Bernie Allen, 61, will make a profit if he wheels just four factory-approved Norton bikes off his one-man assembly line this year. The name on their petrol tanks, however, is all they will have in common with Norton's F2 rotary roadster.
The bike Bernie builds is the 500cc Manx, the most famous Norton of all. An exotic, single-cylinder sports machine produced in limited numbers from 1950, it conjured unbeatable performance from its 50hp engine and Norton's famous Featherbed frame, so called because it gave an unusually comfortable ride.
A Manx took Geoff Duke to the 500cc world championship in 1951, and the silver-and-black Nortons won countless races throughout the Fifties. Production ended when Norton's Birmingham factory closed in 1963. Now the Manx is being built again, from new parts, by Mr Allen, a leading restorer of classic machines, who works from the garage beside his bungalow near Marlborough, Wiltshire.

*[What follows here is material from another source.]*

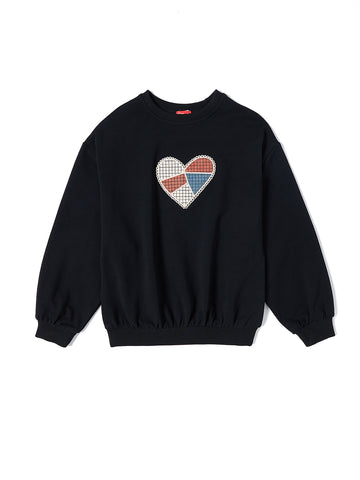 Corduroy Square Printed Heart Top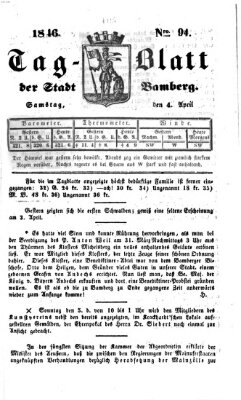 Tag-Blatt der Stadt Bamberg (Bamberger Tagblatt) Samstag 4. April 1846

In his racing days during the Seventies, he was one of the diehards who rode British bikes such as the Manx against the swarms of faster, lighter Japanese two-strokes. More recently he became involved in restoring old machines, and four years ago he began to work on bikes full time. Demand for his services has been boosted by the worldwide rise in popularity of classic bike racing, which has led to the manufacture of new components for old machines, especially the Manx.
At first, only minor parts were produced, but later frames and even complete engines became available, some of higher quality than the originals. That was when Mr Allen realised complete new bikes could be built for sale.
The model he chose is the 1961 version of the Manx, with the larger engine option (350cc machines were also produced). Lean and functional, it will be instantly recognisable to those familiar with motorcycling when British bikes ruled the roads. Period features include the tiny, near-vertical flyscreen, the front wheel's large drum brake, and the distinctively shaped petrol tank, secured by a metal strap.
Only the magneto of Mr Allen's Manx is a reconditioned part. Most of its parts are exact reproductions of those used in 1961, but a few - such as the toothed rubber belt that connects the crankshaft with the five-speed gearbox (Norton used a chain) - are recent improvements common in classic racing.
Most Manxes were used only on the track, but Mr Allen's machine qualifies for a road licence because he has introduced a speedometer, a small, six-volt battery in the nose-cone powers, a horn and stop-light, and given the silencer extra padding.
He has also fitted a centre-stand, but - true to Manx tradition - neither an electric starter nor a kick-start. My brief ride commenced - after I had donned authentic goggles and crash-helmet - with 'bump' starting the single-cylinder engine.
It was a strange experience for someone unfamiliar with classic motorcycles. You change gear with your right, not your left foot; and first gear, in Norton tradition, is up, not down. The closely spaced gear ratios, designed to maintain the revs for maximum performance on the track, mean that first gear is very high: I had to slip the clutch for what seemed like ages as I pulled away. The Norton is remarkably fast and smooth for what is essentially a 30-year-old bike. Once it had passed a hiccup at about 4,000rpm, the single-cylinder engine surged forward with a lazy rumble from the silencer, and I had to take care not to pass the 6,000rpm limit set by Mr Allen. Fully run in, a 500cc Manx would be good for 125mph and, ridden hard, could lap the Isle of Man's TT circuit at more than 100mph.
In the Fifties, it was famed not so much for sheer speed as for its excellent handling, based on the strong Featherbed frame, whose twin steel tubes encircle the engine in distinctive fashion, and Norton's trademark Roadholder front forks and twin rear shock absorbers.
The Manx felt stable but, understandably, crude by modern standards: it needed a firm hand to change direction despite its light weight (320lb). The big front drum brake was reassuringly powerful, and the smaller rear drum excessively so. The Dunlop tyres, unfashionably narrow but made from a soft racing compound, gave plenty of grip.
For everyday use, the Manx would be hopelessly impractical, but as a machine to be admired, polished and ridden occasionally, it has few equals. It is a shame that the cost of components and the time involved in its construction ensure that, at pounds 25,850, the reborn Manx is a bike for the fortunate few. The one I rode was bought at the end of the year by a local enthusiast. Mr Allen had thus sold one new Norton - and met his 1992 target.